Disjunction max query 查询
Disjunction 查询也被理解为分离最大化查询,指的是: 将任何与任一查询匹配的文档作为结果返回,但只将最佳匹配的评分作为查询的评分结果返回,例如查询商品名称和品牌名称中包含“苹果”的信息,当品牌的评分高于商品名称时,则返回品牌的评分做为总评分(忽略tie_breaker缓冲)
GET /my_goods_20210423/_search
{
"query": {
"dis_max": {
"tie_breaker": 0.7,
"boost": 1.2,
"queries": [
{
"term": {
"goodsName": {
"value": "苹果"
}
}
},
{
"term": {
"brandName": {
"value": "苹果"
}
}
}
]
}
}
}
返回结果(忽略无关字段):
"max_score" : 3.0150018,
"hits" : [
{
"_index" : "my_goods_20210423",
"_type" : "_doc",
"_id" : "1",
"_score" : 3.0150018,
"_source" : {
"goodsName" : "苹果 51英寸 4K超高清",
"brandName" : "苹果"
}
},
{
"_index" : "my_goods_20210423",
"_type" : "_doc",
"_id" : "5",
"_score" : 1.3465583,
"_source" : {
"goodsName" : "苹果UA55R苹果U7苹果520JXXZ 55英寸 5K超高清",
"brandName" : "三星苹果"
}
},
{
"_index" : "my_goods_20210423",
"_type" : "_doc",
"_id" : "4",
"_score" : 1.2337791,
"_source" : {
"goodsName" : "山东苹果UA55RU7520JXXZ 苹果54英寸 5K超高清",
"brandName" : "山东苹果"
}
},
分析:
- id=1的记录,由于品牌只包含“苹果”2字,ES认为这种匹配度更高,所以此条记录评分排在第一位
- id=5的记录,由于品牌中和ID=4的记录都包含苹果且字数一样,此时就要看goodsName包含苹果的词频数量了,ID=5的品牌中,“苹果”出现了3次,而ID=4的值出现了2次,所以评分没有ID=5的高,符合我们的预期结果。
- tie_breaker字段做什么用呢?它是起到了缓冲的作用(取值范围:0到1之间),Disjunction查询会将匹配度最高的字段得分做为整个文档的得分返回,这种情况其他字段就不起作用了,难免有点走极端,此时就需要tie_breaker来做缓存,提升其他字段的影响力,最终的结果:brandName评分+goodsName评分*tie_breaker。

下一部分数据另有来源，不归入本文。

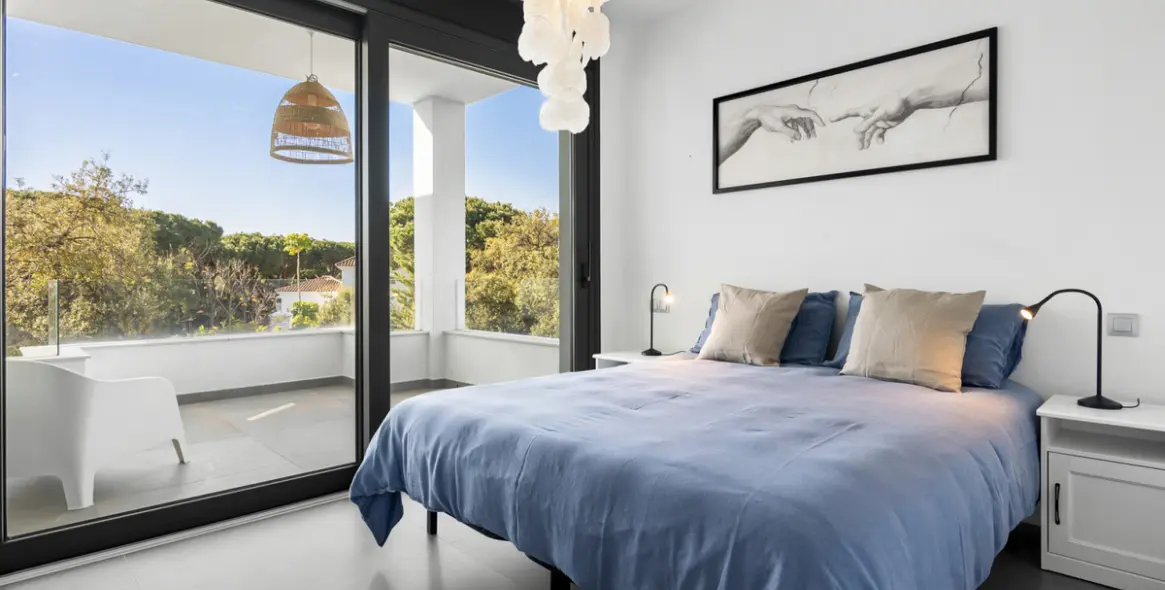 Долгосрочная аренда  отдельно стоящей виллы в Las Chapas 19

作为总评分返回
Function score query 查询
Function score 允许你控制查询评分,是用来控制评分过程的终极武器。最高效的用法是用过滤器对结果的子集应用不同的函数,同时运用了filter的缓存并且达到了控制评分的过程。
我们想让山东的苹果搜索出现美国苹果之前,查询商品名称包含“苹果”,当品牌中包含“美国”时,权重设置为2,当出现“山东”时,权重设置为40
GET /my_goods_20210423/_search
{
"query": {
"function_score": {
"query": {
"term": {
"goodsName": {
"value": "苹果"
}
}
},
"boost": 2,
"functions": [
{
"filter": {
"match":{
"brandName":"美国"
}
},
"random_score": {
},
"weight": 2
},
{
"filter": {
"match":{
"brandName":"山东"
}
},
"weight": 40
}
],
"max_boost": 60,
"score_mode": "max",
"boost_mode": "multiply",
"min_score": 2
}
}
}
返回主要信息:
"max_score" : 2.2442641,
"hits" : [
{
"_index" : "my_goods_20210423",
"_type" : "_doc",
"_id" : "4",
"_score" : 2.0562985,
"_source" : {
"goodsName" : "山东苹果UA55RU7520JXXZ 苹果54英寸 5K超高清",
"brandName" : "山东苹果"
}
},
{
"_index" : "my_goods_20210423",
"_type" : "_doc",
"_id" : "3",
"_score" : 1.7582327,
"_source" : {
"goodsName" : "苹果UA55RU7520JXXZ 53英寸 4K高清",
"brandName" : "美国苹果",
}
}
]
解释几个参数:
- score_mode
multiply:默认,分数相乘
sum:分数求和
avg:平均分数
first:第一个 function的分数
max:使用评分最大的分数
min:使用评分最小的分数
avg举例,如果2个函数返回的分数为1和2,并且它们的权重分别为3和4,则他们的评分为:(13+24)/(3+4)
其他详解请参考官方score-functions详解
全文检索
match 查询
match 查询是一种标准的查询,示例如下:
GET /my_goods_20210423/_search
{
"query": {
"match": {
"goodsName": "苹果 高清 英寸"
}
}
}
match查询是一种boolean类型的查询,可以使用"operator"来控制boolean 字句,operator包含 and 和 or(默认为 or)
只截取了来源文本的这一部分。